2) A field set mapper : the field set mapper is in charge of mapping the record fields to the business object properties. By contract, it must implement the Summer.Batch.Infrastructure.Item.File.Mapping.IFieldSetMapper<T> interface. The method to be implemented (MapFieldSet) is supposed to be reading the record fields (using their position) to fill the corresponding business object properties, making necessary transformations if required.

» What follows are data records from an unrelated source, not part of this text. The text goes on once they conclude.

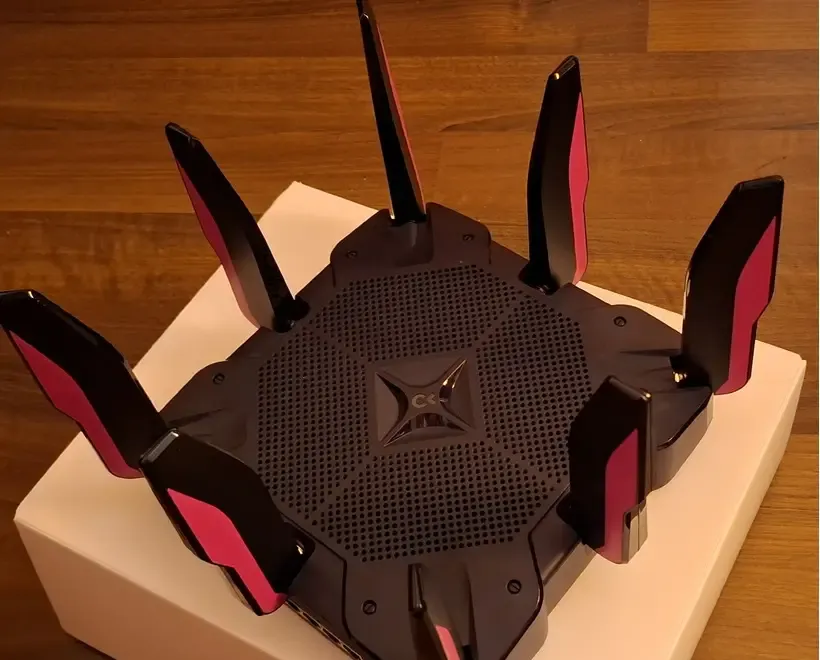 Router Wireless TP-Link Archer AX11000 Gaming Wi-Fi 6
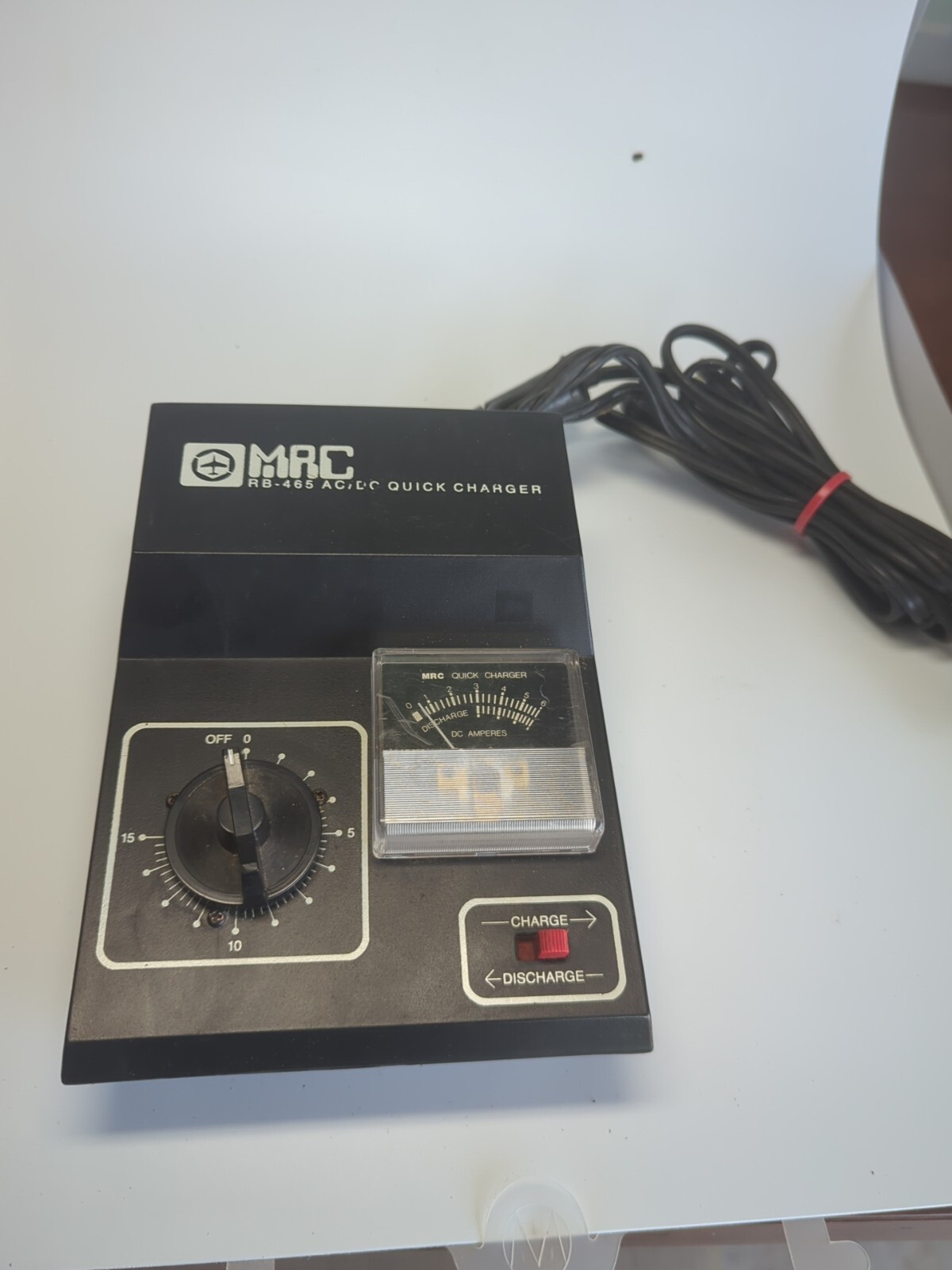 Plane Boat Trickle Charger Charge/discharg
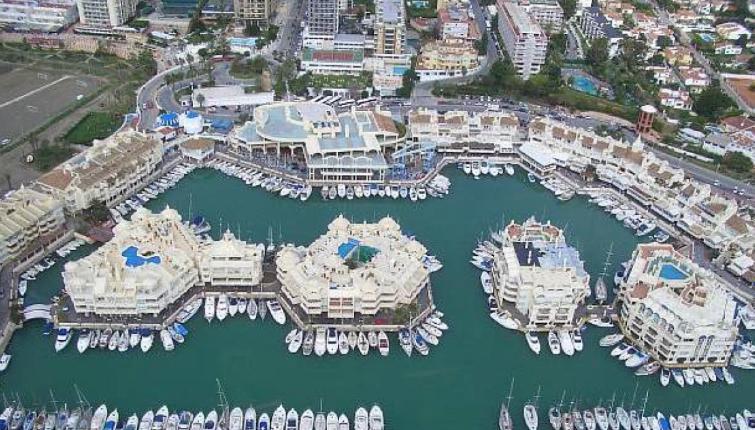 Apartment In Jupiter 5 Pools Benalmádena Εξωτερικό φωτογραφία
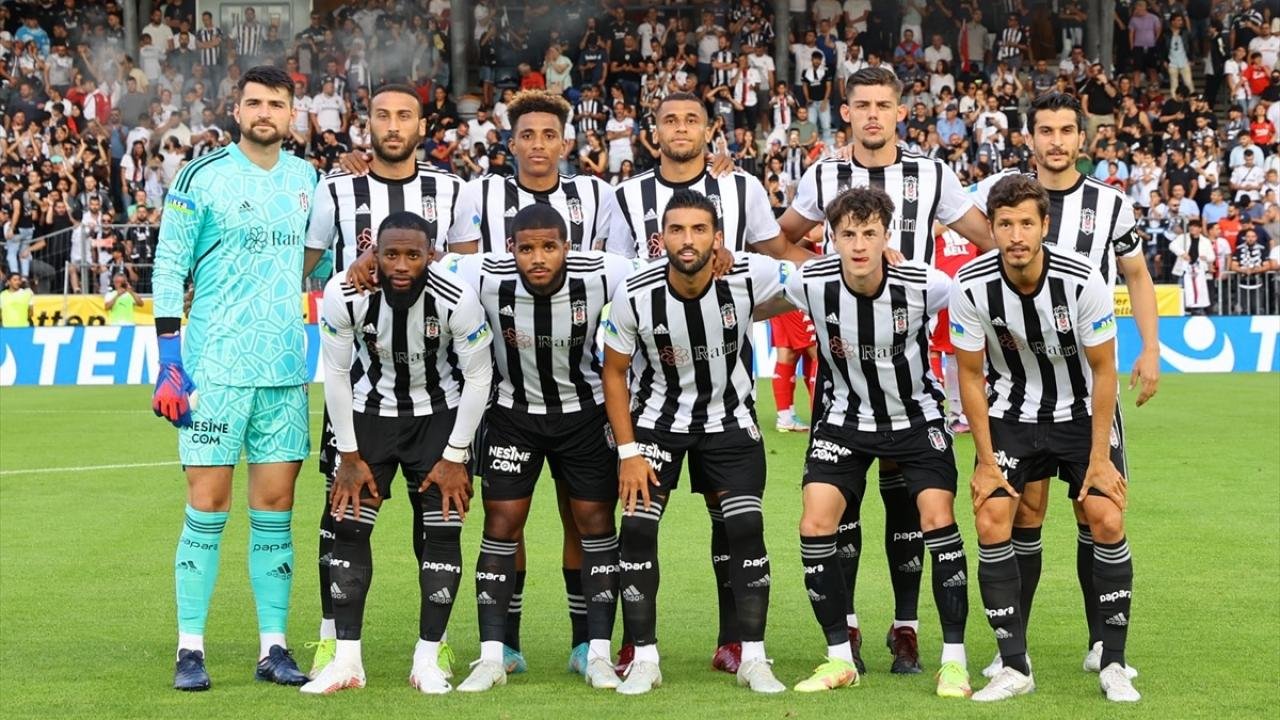 Beşiktaş’ın İspanya kadrosu belli oldu! Serdar Saatçı…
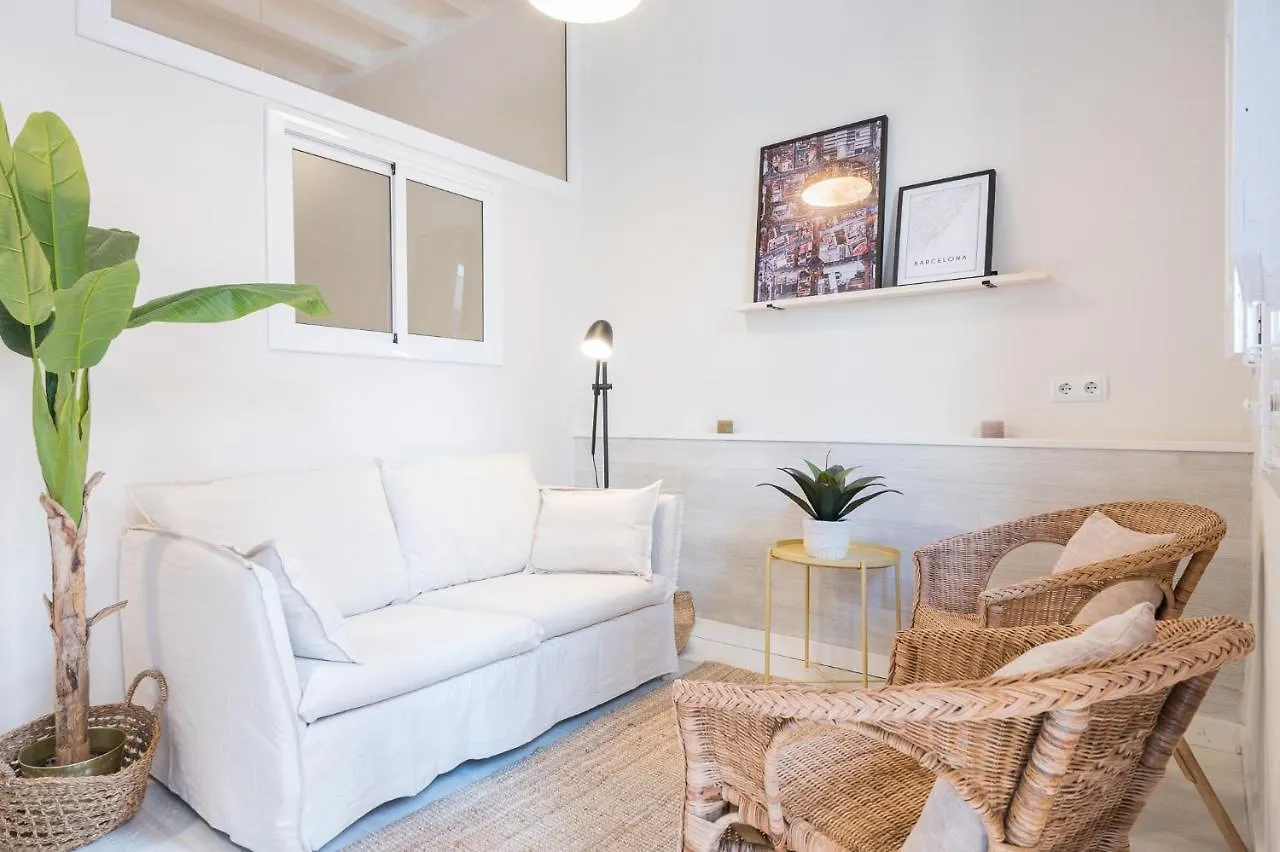Appartement Terrace, Sun And Local Lifestyle In Gracia à Barcelone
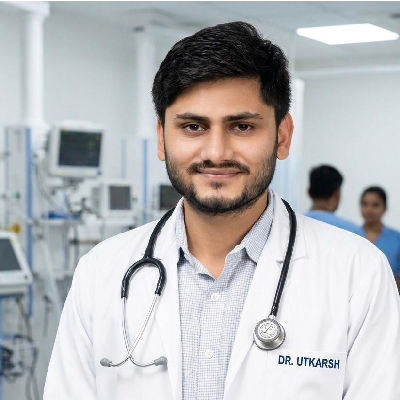 Dr. Utkarsh Singh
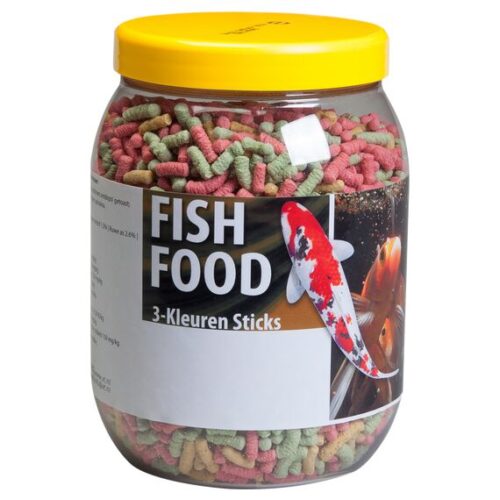 Velda Haltáp 3-Colour Sticks 3000ml/144310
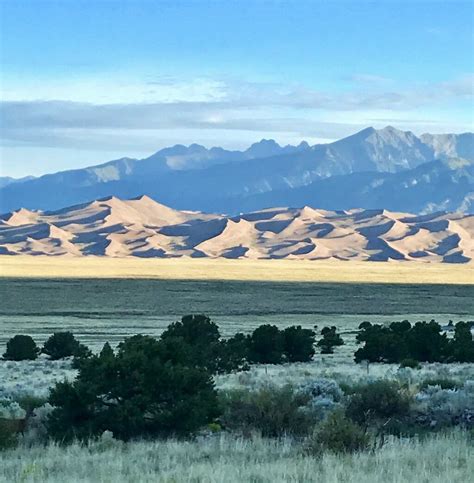 Great Sand Dunes National Park and Reserve – Southern Colorado - My Unique Travel Ideas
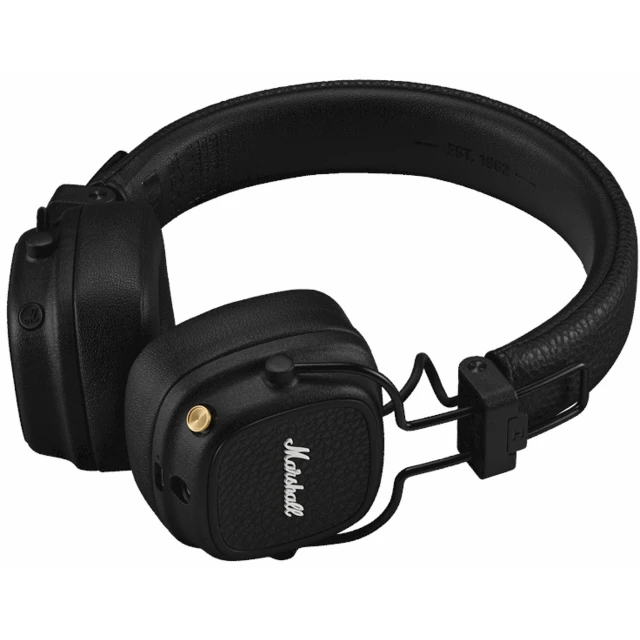 Навушники бездротові Marshall Major V Black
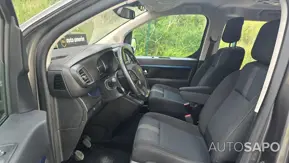 Peugeot Traveller 1.5 BlueHDi L3H1 Allure Long de 2020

Let's create a sub-folder named 'Mappers' in the 'Business' folder, to store the FlatFileRecordMapper class, whose code follows :

using Summer.Batch.Extra;
using Summer.Batch.Infrastructure.Item.File.Mapping;
using Summer.Batch.Infrastructure.Item.File.Transform;

namespace MyFirstBatchApplication.Business.Mappers
{
    public class FlatFileRecordMapper : IFieldSetMapper<FlatFileRecord>
    {
        private IDateParser _dateParser = new DateParser();

        /// <summary>
        /// Parser for date columns.
        /// </summary>
        private IDateParser DateParser { set { _dateParser = value; } }

        /// <summary>
        /// Maps a <see cref="IFieldSet"/> to a <see cref="FlatFileRecord" />.
        /// <param name="fieldSet">the field set to map</param>
        /// <returns>the corresponding item</returns>
        /// </summary>
        public FlatFileRecord MapFieldSet(IFieldSet fieldSet)
        {
            // Create a new instance of the current mapped object
            return new FlatFileRecord
            {
                Code = fieldSet.ReadInt(0),
                Name = fieldSet.ReadRawString(1),
                Description = fieldSet.ReadRawString(2),
                Date = _dateParser.Decode(fieldSet.ReadString(3))
            };
        }
    }   
}

[Note]Note
Date = _dateParser.Decode(fieldSet.ReadString(3)) : the date is read as a string, so a conversion is needed to have the corresponding DateTime? value; the Summer.Batch.Extra.DateParser provides this conversion service (is uses the "yyyyMMdd" format).
We're done with the reading business code crafting. The rest of the mandatory elements required by the FlatFileItemReader are standard elements, and only need some Unity configuration, that will be made later on.

Processing the read objects

Usually, the data needs to be transformed, according to some business logic, after having been read and before being written. This transformation is usually done by the processor. For our example, the processor will be implementing the following logic : compare Name and Description of the input business object. If Name equals Description, the replace Description value by "Missing Description"; then return the modified business object.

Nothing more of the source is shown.